Stored items:
^^^^^^^^^^^^^^^^

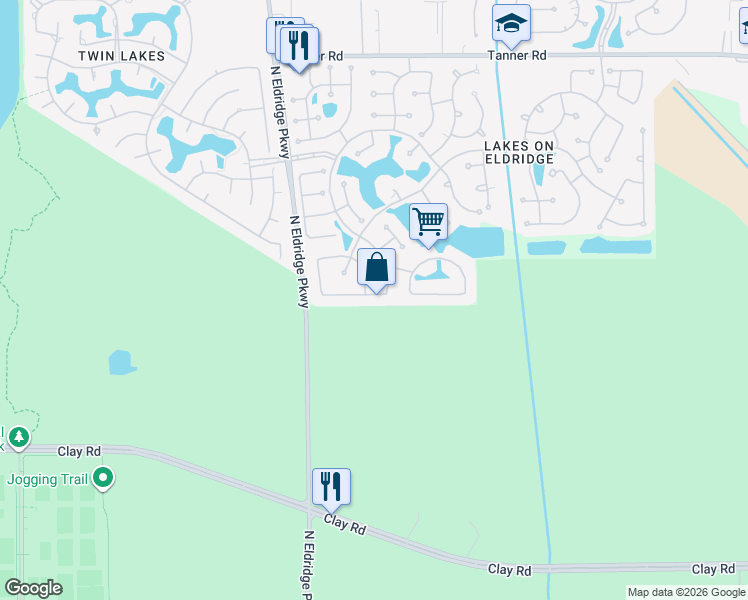 map of restaurants, bars, coffee shops, grocery stores, and more near 12719 Rock Falls Way in Houston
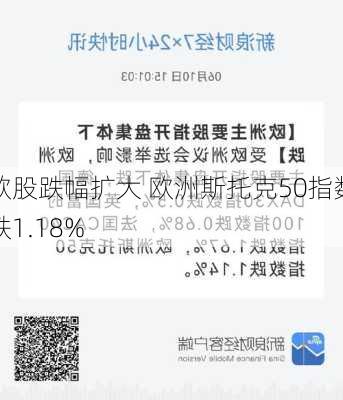 欧股跌幅扩大 欧洲斯托克50指数跌1.18%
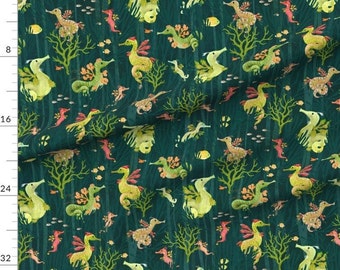 May include: Sea horse pattern fabric in teal green with yellow, orange, and green seahorses, coral, and seaweed. The fabric has a repeating pattern.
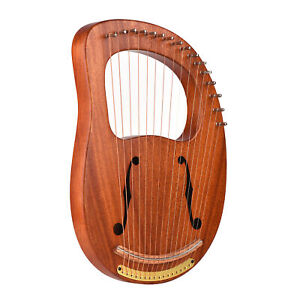 Lyre Harp 16 Metal Strings Mahogany Lyre Harp W/ Tuning  Carry Bag U9G4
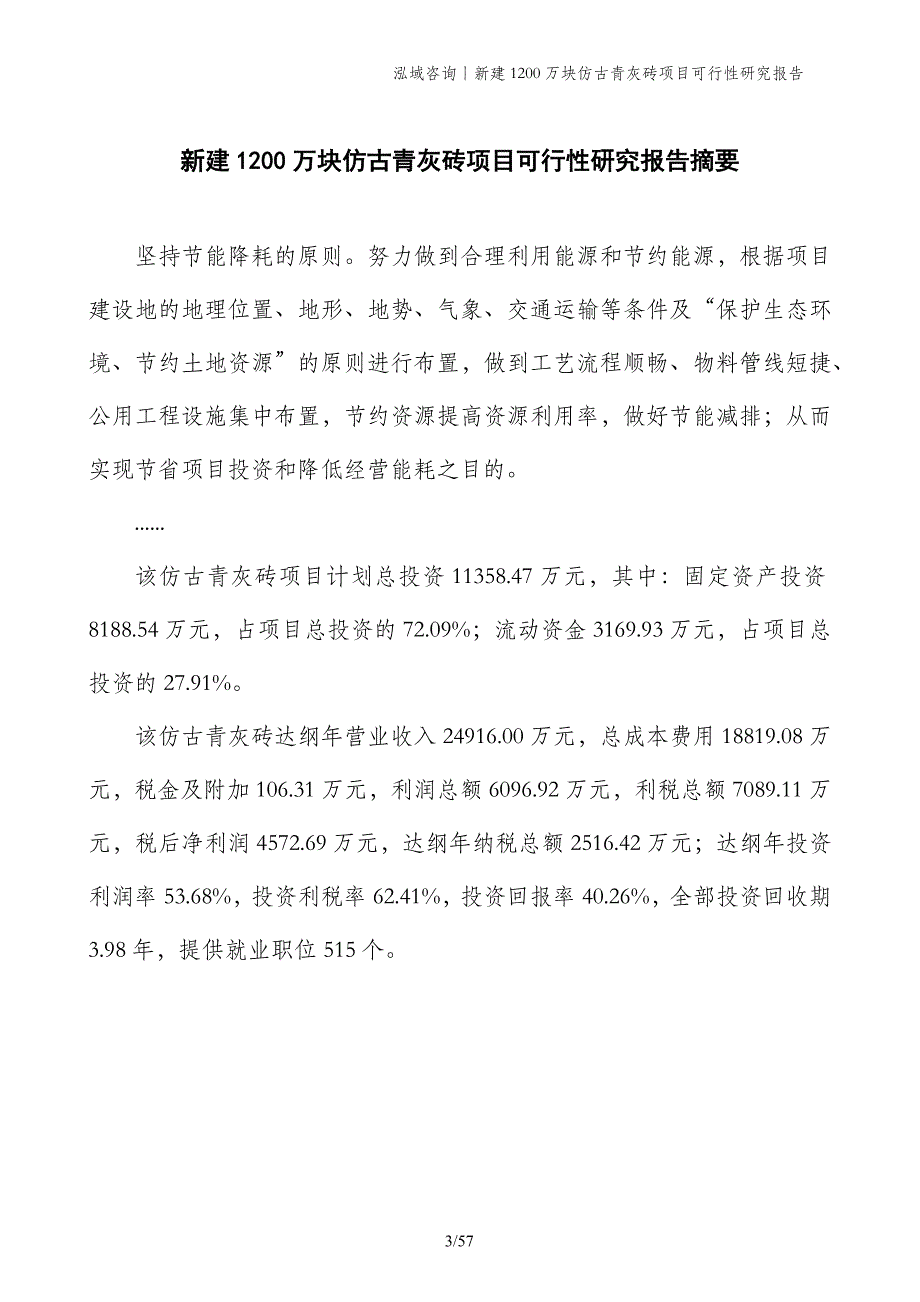 新建1200万块仿古青灰砖项目可行性研究报告_第3页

^^^^^^^^^^^^^^^^

→ WHAT YOU SHOULD DO
Extract, character for character, every line from the one that holds "May include: Sea" through the end of the entries above. Include both boundary lines and no pictures.

→ REPLY TO THE TASK
 May include: Sea horse pattern fabric in teal green with yellow, orange, and green seahorses, coral, and seaweed. The fabric has a repeating pattern.
 Lyre Harp 16 Metal Strings Mahogany Lyre Harp W/ Tuning  Carry Bag U9G4
 新建1200万块仿古青灰砖项目可行性研究报告_第3页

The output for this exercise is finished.